He has refused his assent to laws, the most wholesome and necessary for the
public good.
He has forbidden his governors to pass laws of immediate and pressing
importance, unless suspended in their operation till his assent should be
obtained; and when so suspended, he has utterly neglected to attend to them.
He has refused to pass other laws for the accommodation of large districts of
people, unless those people would relinquish the right of representation in the
legislature, a right inestimable, and formidable to tyrants only.
He has called together legislative bodies at places unusual, uncomfortable, and
distant from the depository of their public records, for the sole purpose of
fatiguing them into compliance with his measures.
He has dissolved representative houses repeatedly, for opposing, with manly
firmness, his invasions on the rights of the people.
He has refused, for a long time after such dissolutions, to cause others to be
elected; whereby the legislative powers, incapable of annihilation, have
returned to the people at large for their exercise; the state remaining in the
mean time exposed to all the danger of invasion from without, and convulsions
within.
He has endeavored to prevent the population of these states; for that purpose
obstructing the laws for naturalization of foreigners; refusing to pass others
to encourage their migration hither, and raising the conditions of new
appropriations of lands.
He has obstructed the administration of justice, by refusing his assent to laws
for establishing judiciary powers.
He has made judges dependent on his will alone, for the tenure of their offices,
and the amount and payment of their salaries.
He has erected a multitude of new offices, and sent hither swarms of officers to
harass our people, and eat out their substance.

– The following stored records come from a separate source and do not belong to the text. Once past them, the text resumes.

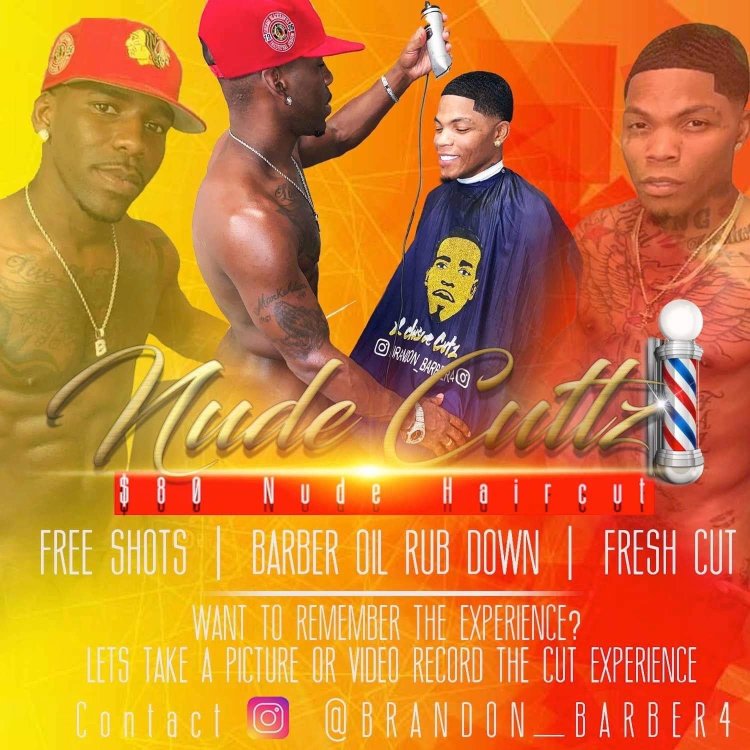 Atlanta - Someting More than Funky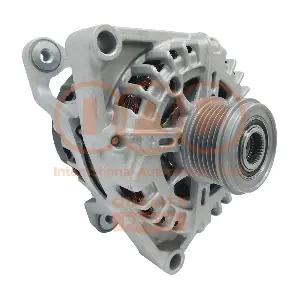 13500583 CHEVROLET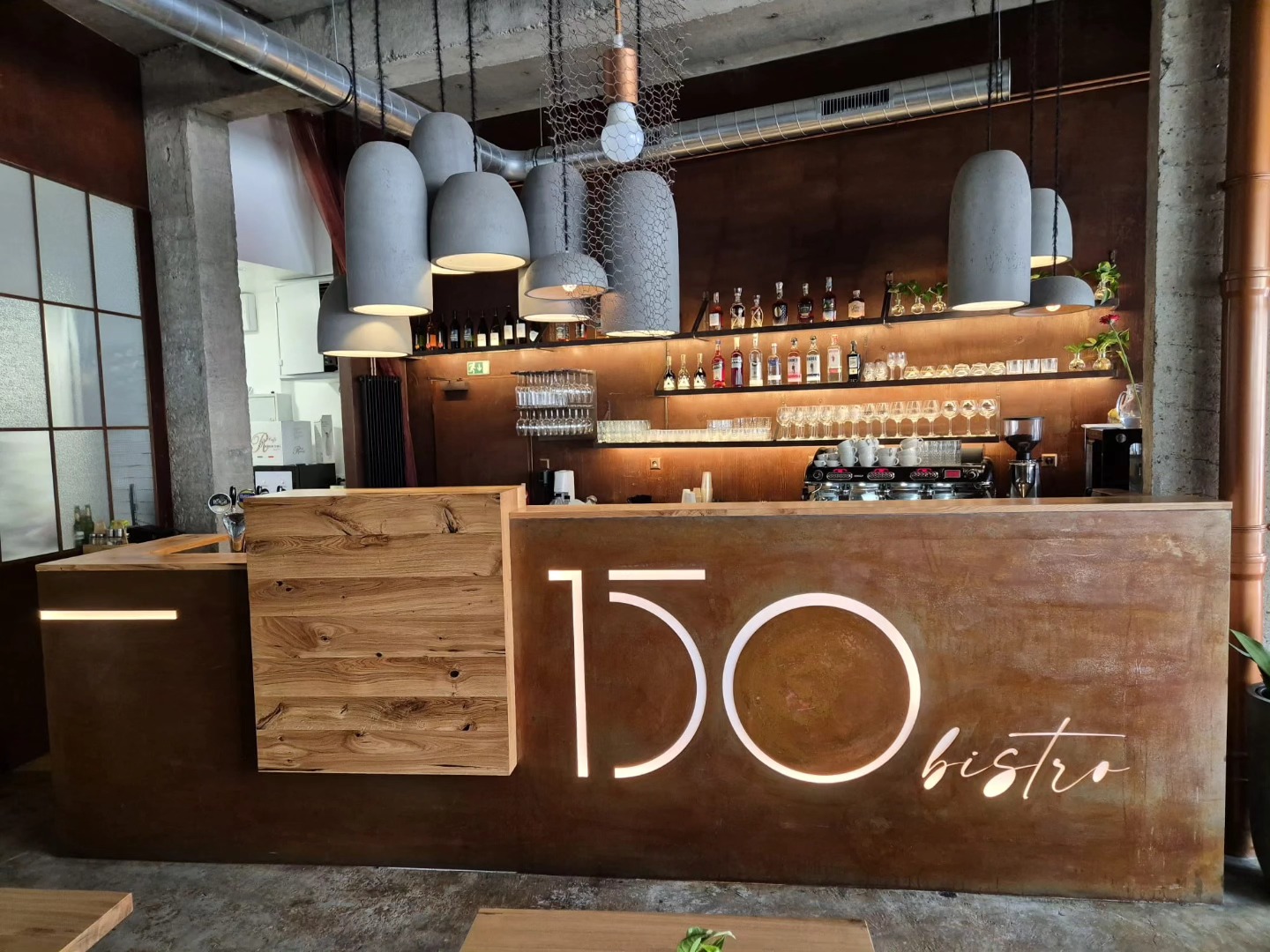 Mladá Boleslav 41 – gastrojourney.cz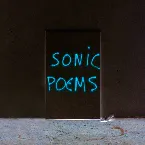Pochette Sonic Poems Remixes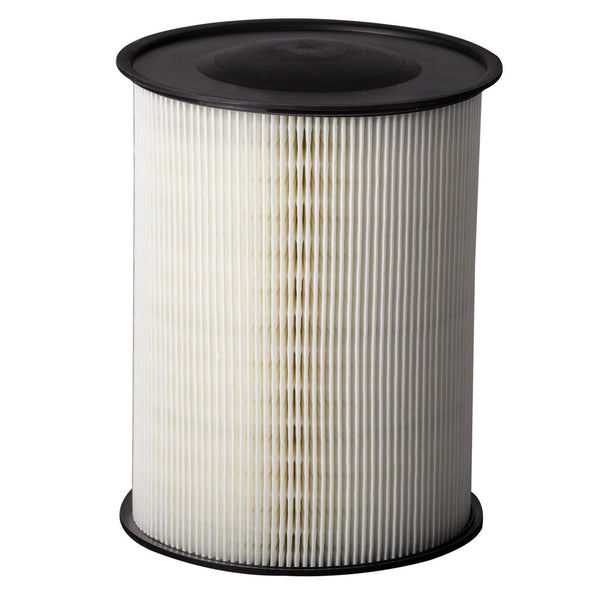 Choice Guard CAF 6149 Air Filter - A6908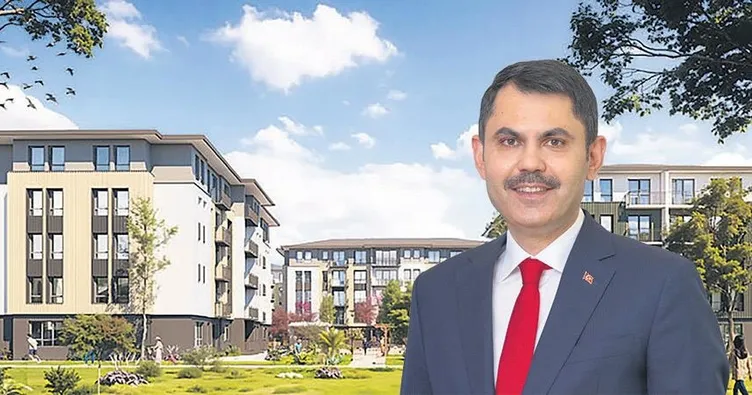 7 şehirde daha kuralar çekiliyor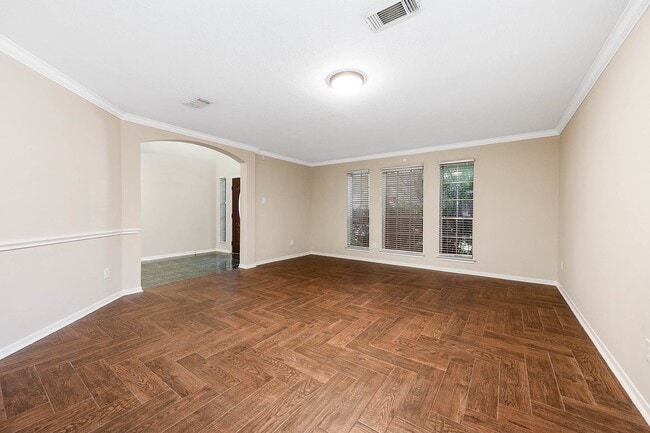 Building Photo - 1835 Taylor Creek Dr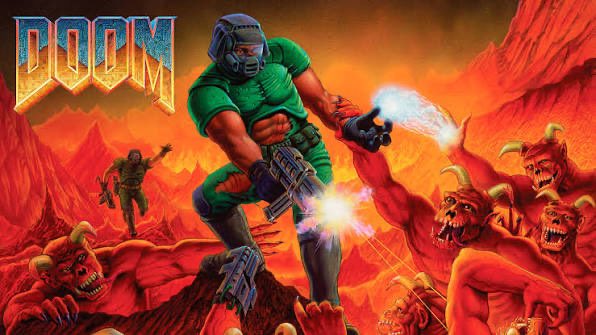 MorgameOver's tweet photo. Hier on a continué le 100% #crashbash 🦊 ft. Vainqueur puis le chapitre 3 #doom2 👺🔫 ensuite le #speedrun de #ducktales2 🦆 et le monde 6 #picross2 ⭐️🟪❓
On se retrouve maintenant pour un live simultané sur #twitch #youtube #tiktok✌️
https://t.co/BT4FqEuO6i https://t.co/VV5OeEVUEx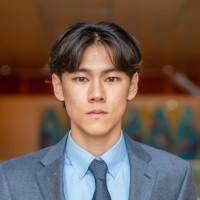Jin Park
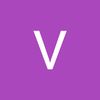 Vicky Kearns - @vicky.kearns - TikTok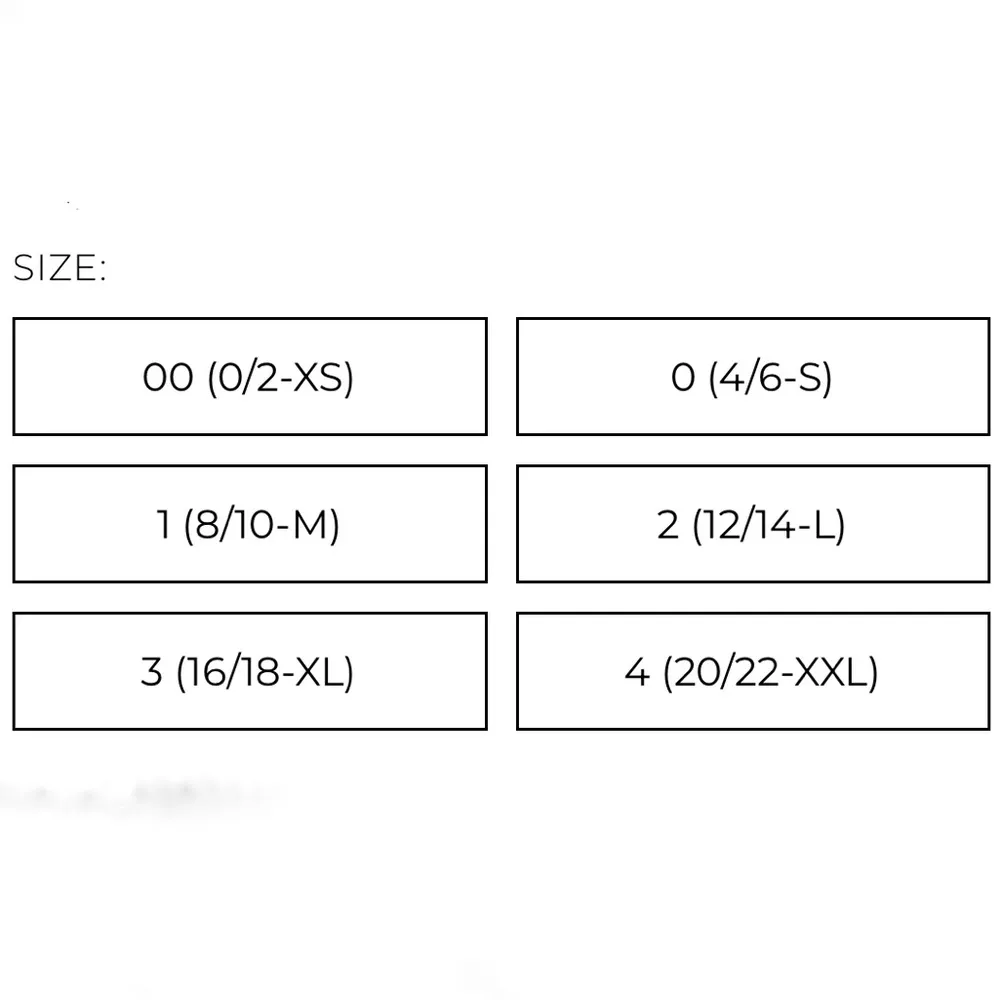 Chico’s Cardigan Travelers Collection Red Travel Open Front Cardi Sz 3 (XL) EUC - Image 11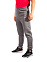 MENS FLC PARK20 PANT KP, брюки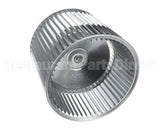 LA22ZA127 Bryant Payne 11X10 1/2"Bore Cw Blower Wheel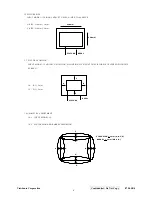 Предварительный просмотр 7 страницы ViewSonic E70F - 17" CRT Display Service Manual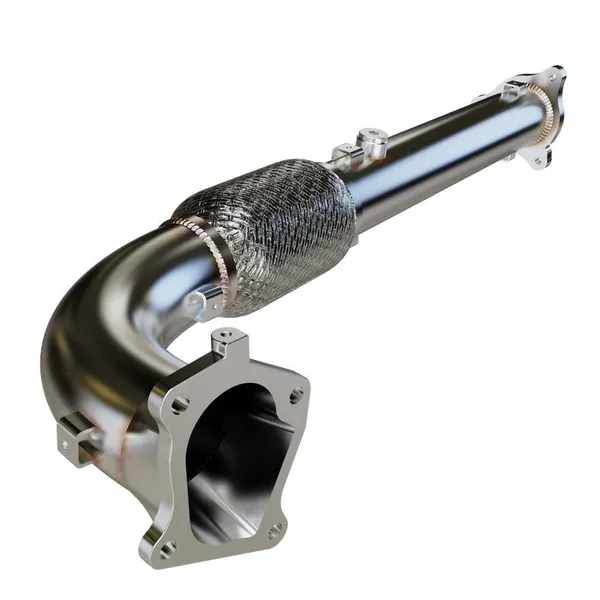 Image: Product/Part name 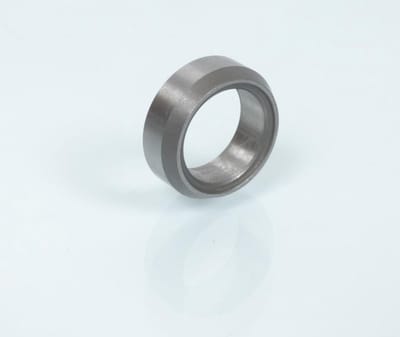 origineel divers motoronderdeel voor minarelli 50 am6 ap8206268 / bus 17x24x8mm nieuw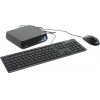 ASUS Vivo PC VC60 <90MS0021-M02680>  i3 3110M/4/128SSD/WiFi/BT/Win10
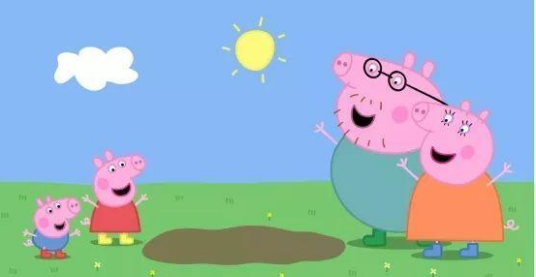 一周资讯：继“北京”、“中国”商标之后，“国庆”也已成功注册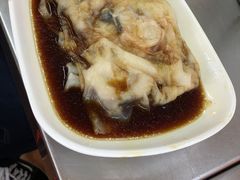 -源记肠粉(华贵路店)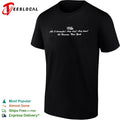 Have a great day magazine all 5 boroughs 46 Bowery New York shirt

He has kept among us, in times of peace, standing armies, without the consent of
our legislatures.
He has affected to render the military independent of, and superior to, the
civil power.
He has combined with others to subject us to a jurisdiction foreign to our
constitution, and unacknowledged by our laws; giving his assent to their acts of
pretended legislation:
For quartering large bodies of armed troops among us:
For protecting them, by a mock trial, from punishment for any murders which they
should commit on the inhabitants of these states:
For cutting off our trade with all parts of the world:
For imposing taxes on us without our consent:
For depriving us, in many cases, of the benefits of trial by jury:
For transporting us beyond seas to be tried for pretended offences:
For abolishing the free system of English laws in a neighboring province,
establishing therein an arbitrary government, and enlarging its boundaries, so
as to render it at once an example and fit instrument for introducing the same
absolute rule into these colonies:
For taking away our charters, abolishing our most valuable laws, and altering
fundamentally the forms of our government:
For suspending our own legislatures, and declaring themselves invested with
power to legislate for us in all cases whatsoever.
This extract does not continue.